Similarly, in the present case, defendant failed to object to the jury instructions at trial, failed to tender substitute jury instructions to the court, and failed to include the jury instructions issue in his post-trial motion. Thus, we find that he has waived the issue for review. Moreover, in light of the fact that actual secret confinement of one by another who is armed with a dangerous weapon is a manifesta*396tion of the intent to secretly confine another by force or threat of force, proof of the former is necessarily conclusive of the latter. Accordingly, we conclude that the discrepancy in jury instructions did not constitute grave error such as would give rise to review of the issue under the plain error rule.

Defendant’s correlative contention that defense counsel’s failure to object to improper jury instructions does not constitute waiver when the instruction at issue deals with the elements of the offense is inaccurate. In People v. Tannenbaum (1980), 82 Ill. 2d 177, 415 N.E.2d 1027, the supreme court held that the trial court’s error in instructing the jury as to an essential element of the offense of felony theft had been waived by defense counsel’s failure to object to the instructional error at trial or to raise the issue in the post-trial motion. In Tannenbaum, as in the present case, the court found that the evidence as to the missing element was so overwhelming and uncontradicted, that it was “inconceivable that defendants could have suffered any prejudice.” 82 Ill. 2d 177, 182.

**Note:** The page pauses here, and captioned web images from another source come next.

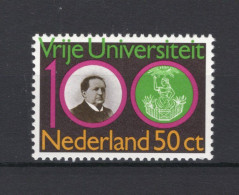 NEDERLAND 1209 MNH 1980 - 100 Jaar Vrije Universiteit Amsterdam -1 - Ongebruikt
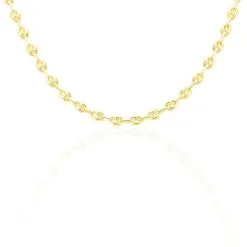 Histoire D'Or Collier Or Jaune Maille Grain De Café -Boucles d'oreilles Bracelet Soldes B3CHJW0134 view1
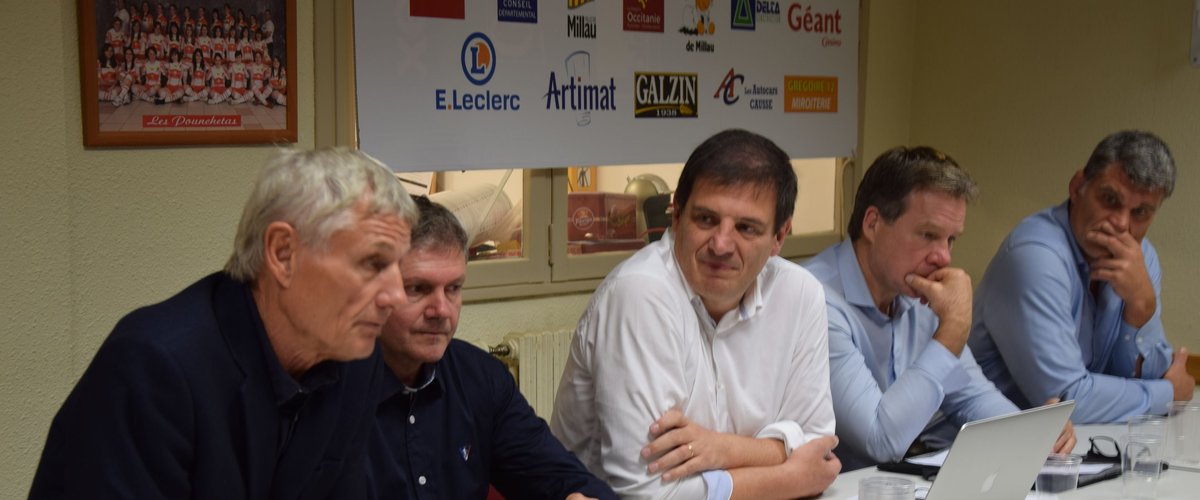 Rugby : la campagne du président sortant de la FFR Florian Grill passe par Sévérac vendredi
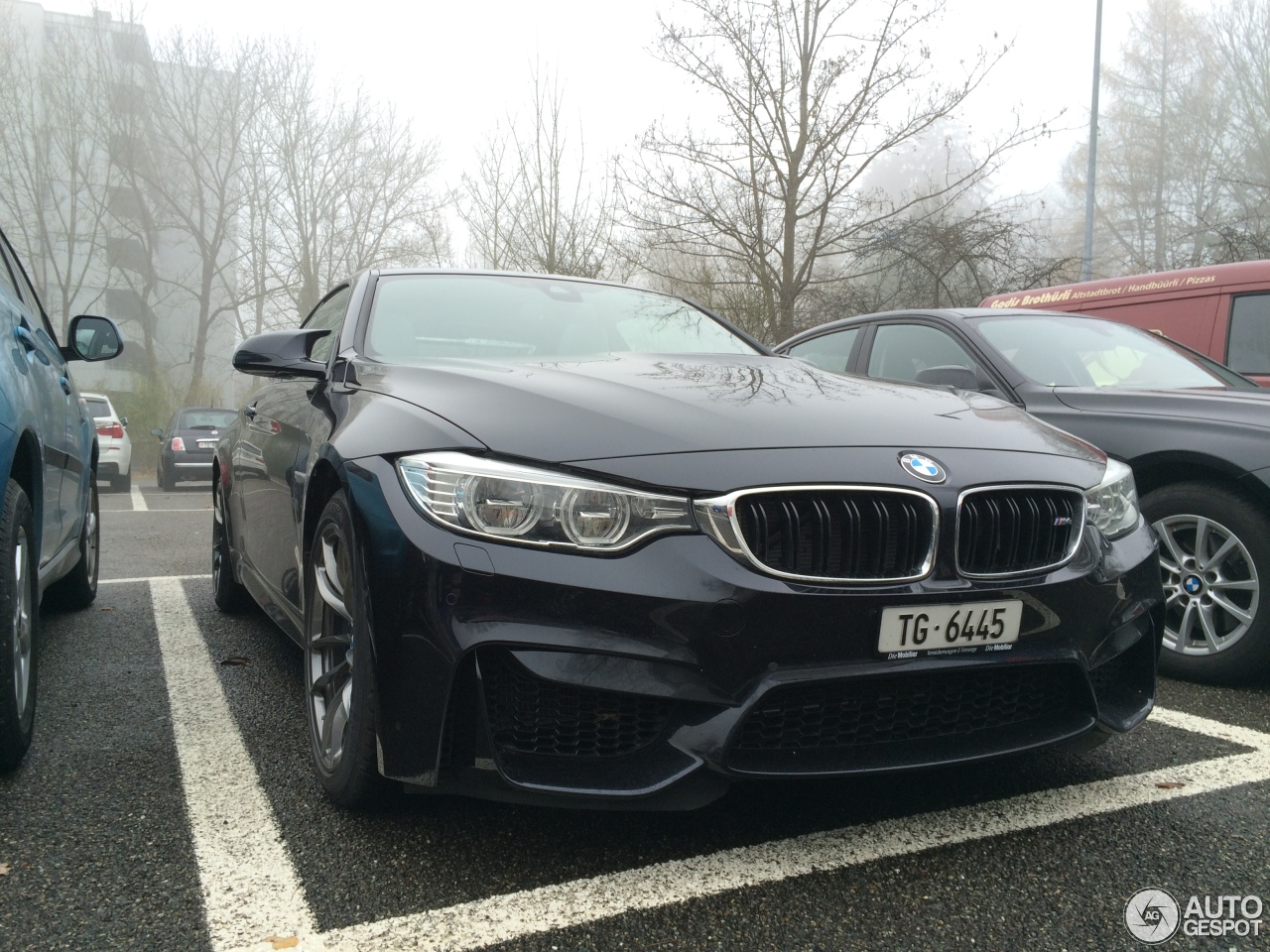 BMW M4 F82 Coupé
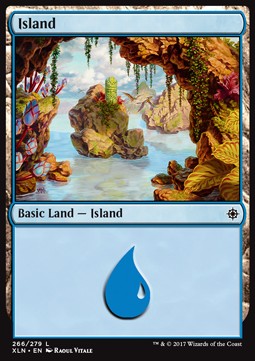 Isola - Ixalan (Land) [XLN-266]
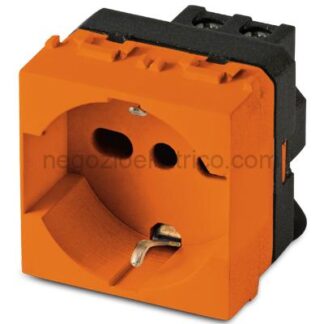 MST21170A MIX Presa P40 univ. 2P+T 16A ARANCIO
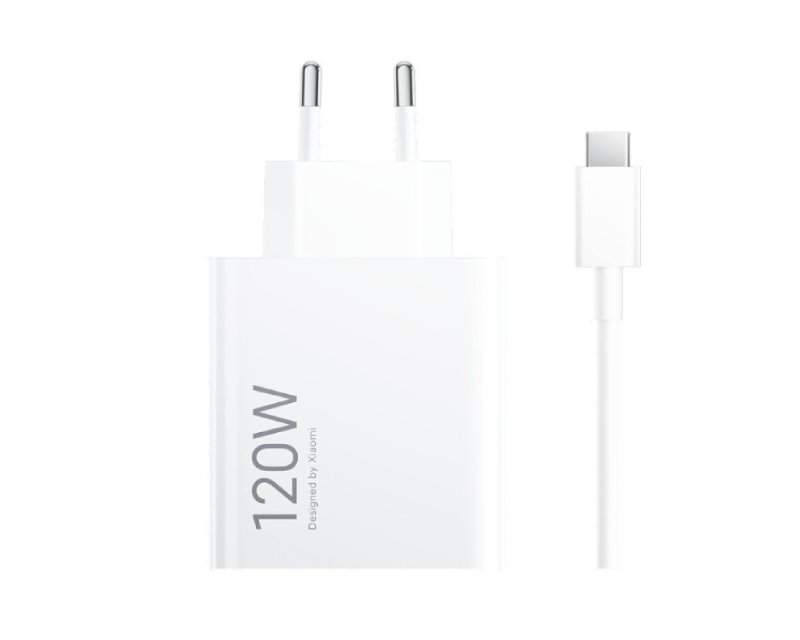 Kablovi, adapteri i punjači - XIAOMI 120W HyperCharge Combo (Type-A) EU - Avalon ltd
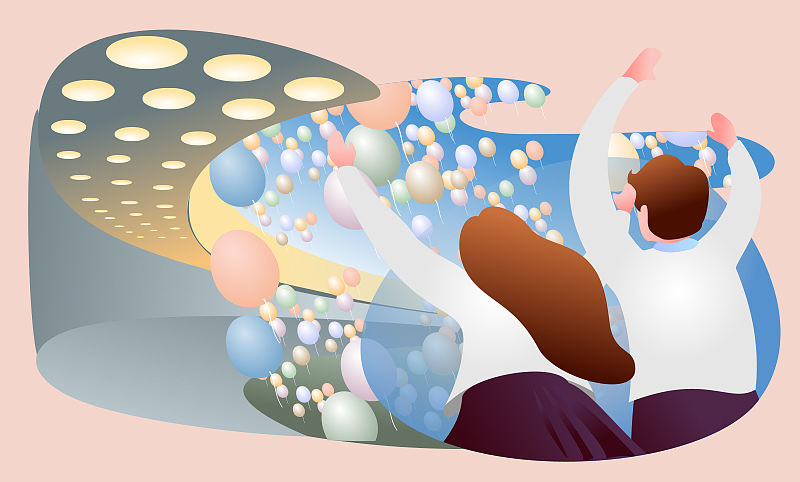 社会类扁平插画banner（图ZMzA4Mjc3MzA0） - 商业插画 - 站酷设计师Unknow_2025原创素材 - 站酷ZCOOL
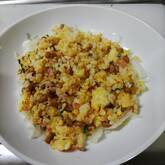 さっぱり納豆チャーハン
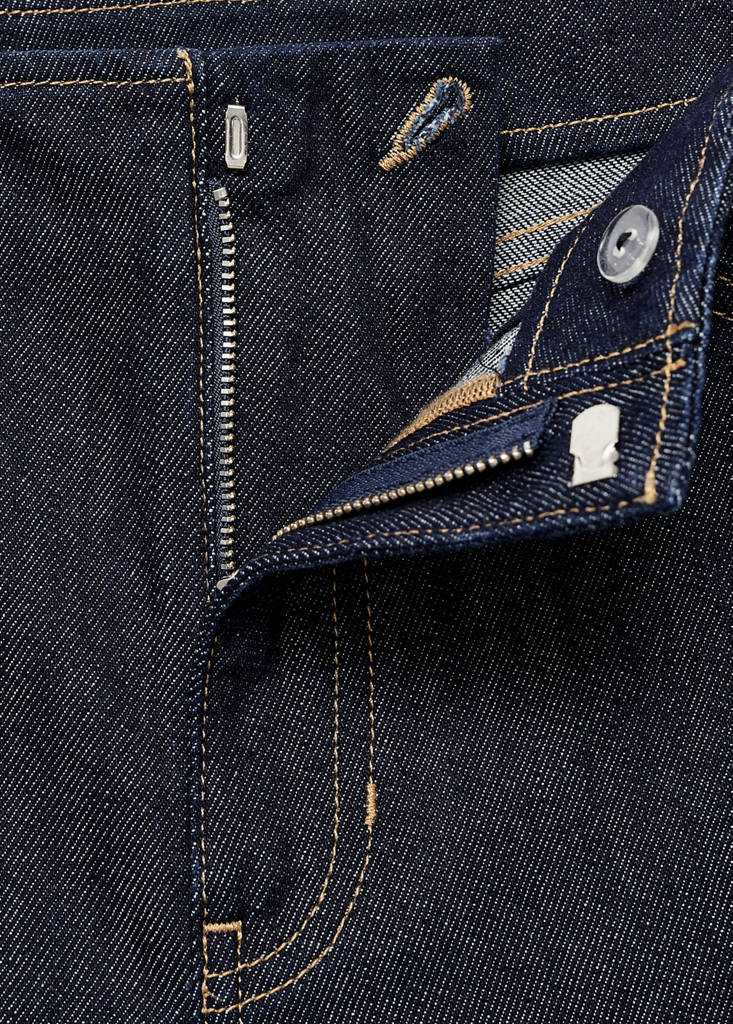 Wide leg mid-rise jeans — Open Blue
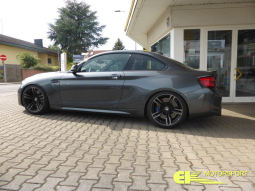 BMW M2 mit KW 3 Fahrwerk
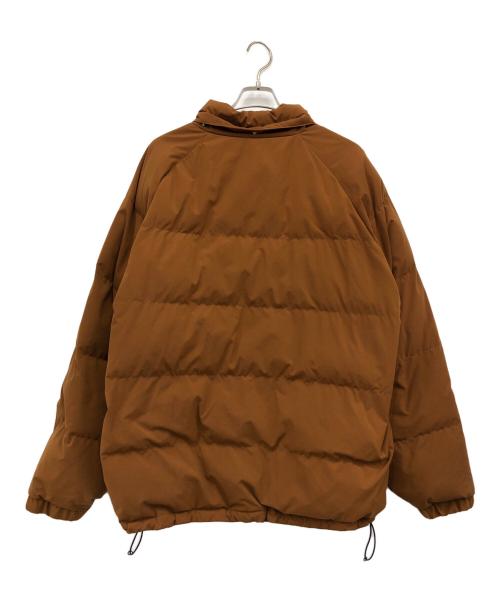 SOFTHYPHEN（ソフトハイフン）SOFTHYPHEN (ソフトハイフン) 中綿ジャケット ブラウン サイズ:Lの古着・服飾アイテム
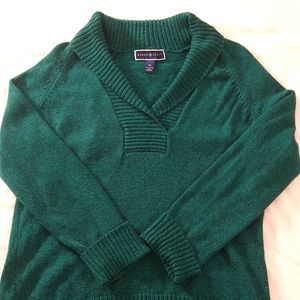 100 % cotton sweater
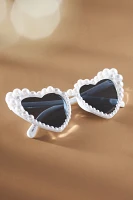 Pearl Heart Sunglasses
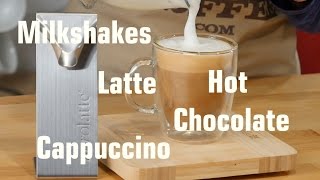 How to use a Aerolatte Milk Frother [upl. by Ikcir]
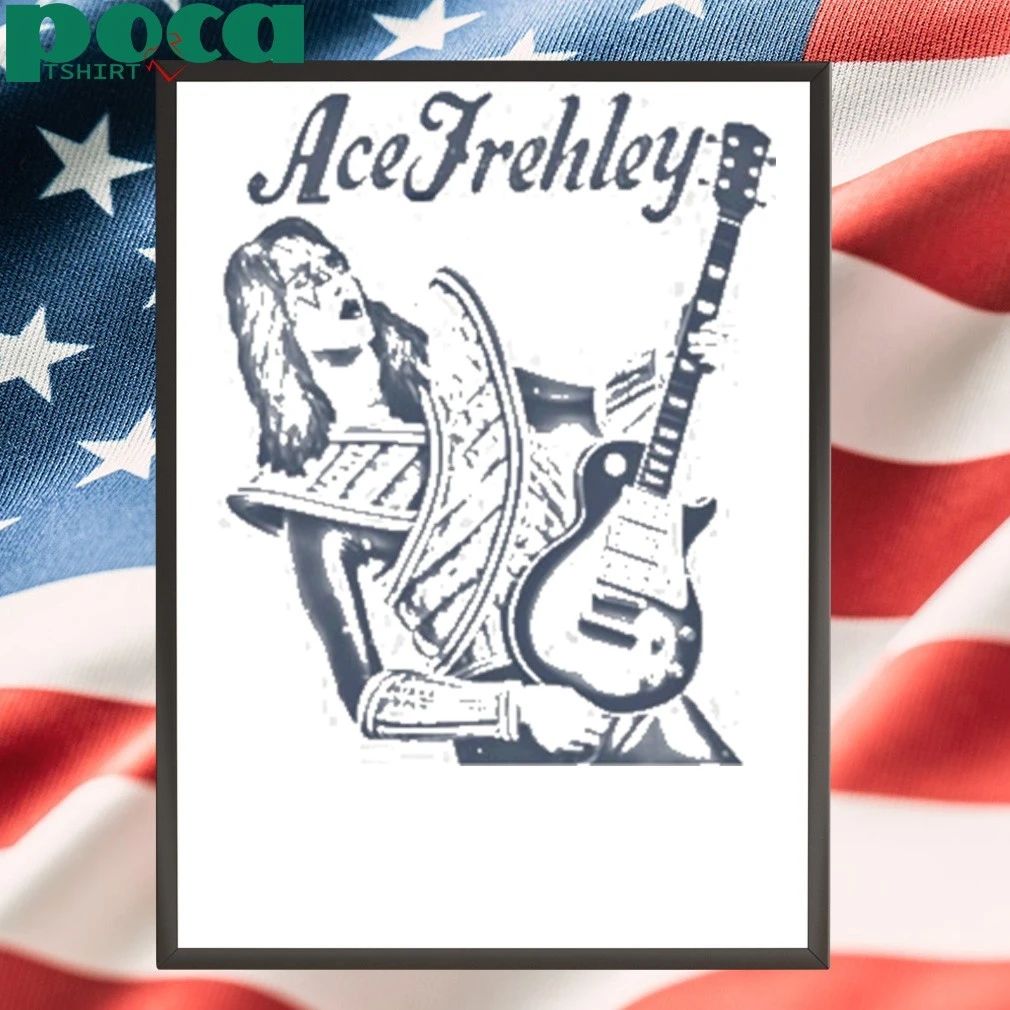 RIP Ace Frehley Memorial art T-Shirt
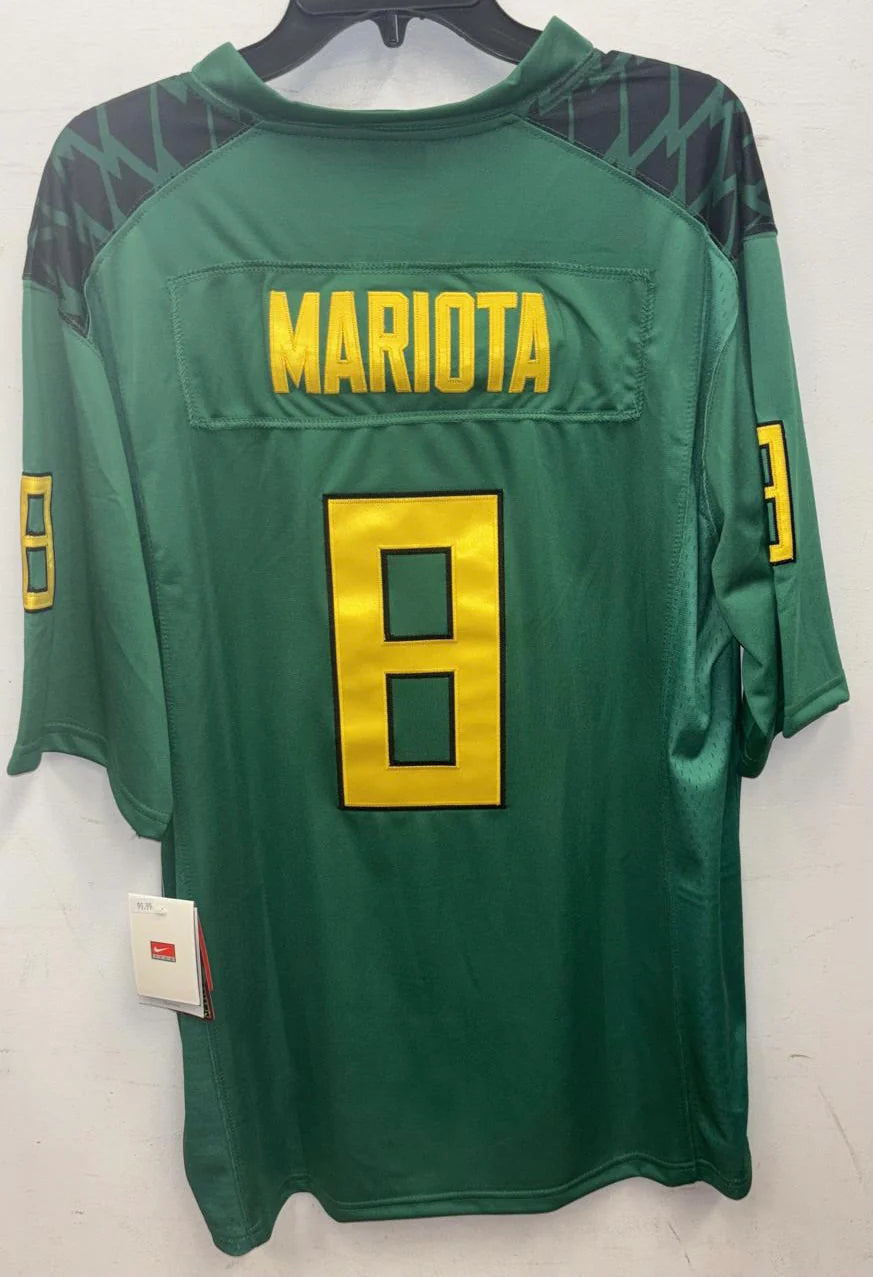 Marcus Mariota Oregon Ducks Jersey Green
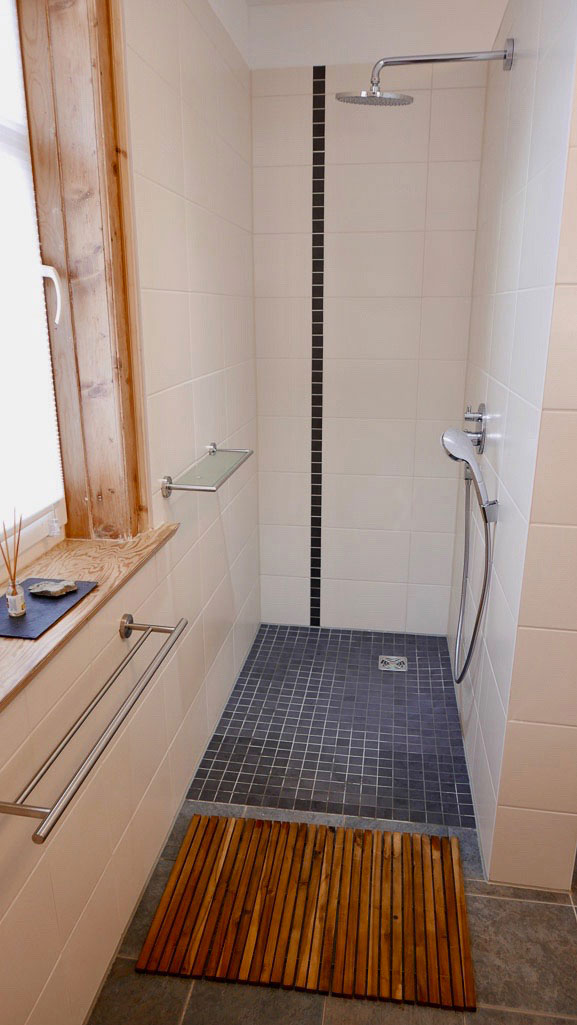 Gästehaus Alte Wäscherei - Dusche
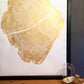 Utah Locust Tree in Gold Ink - 36x48 print lintonart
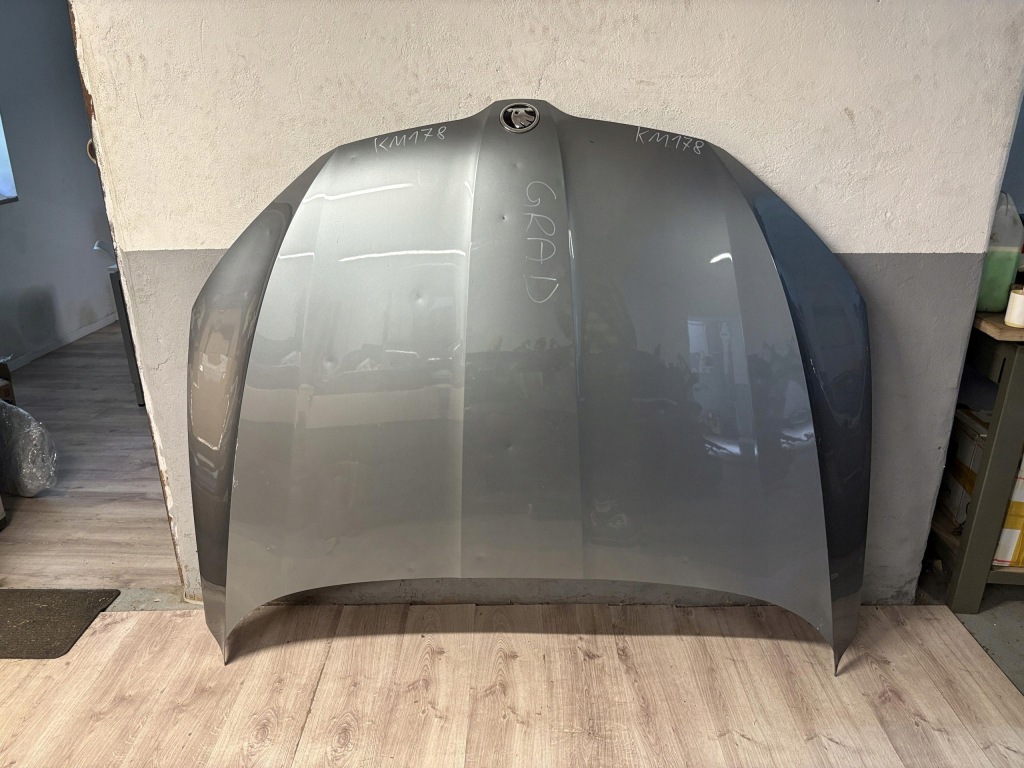 Купить Skoda superb 3 3v0 капот крышка передняя grad 3v0823155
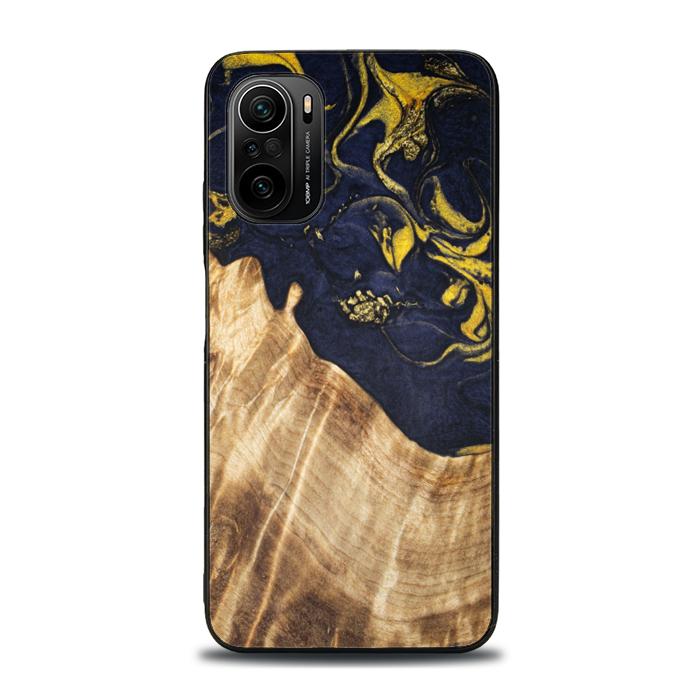 Xiaomi Mi 11i Handyhülle aus Harz und Holz - SYNERGY#C26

Defendant further relies on People v. Lewis (1969), 112 Ill. App. 2d 1, 250 N.E.2d 812, as support for his argument that the error cannot be waived because it is the trial court’s duty “to ensure the jury was properly instructed on the elements of the offense.” We find Lewis factually distinguishable from the present case and, thus, of no persuasive value. In Lewis, defendant, charged with the unlawful sale of narcotics, plead insanity as his defense. The appellate court held that the jury was not adequately instructed as to the elements of the crime charged because the instructions (1) omitted the element of the crime relating defendant’s mental state; and (2) failed to delineate authorized statutory exceptions to the sale of narcotics. In our opinion, there is no comparison between the egregious omissions in Lewis and the inconsequential discrepancy in the present case which the evidence, closing arguments and instructions as a whole clearly nullify.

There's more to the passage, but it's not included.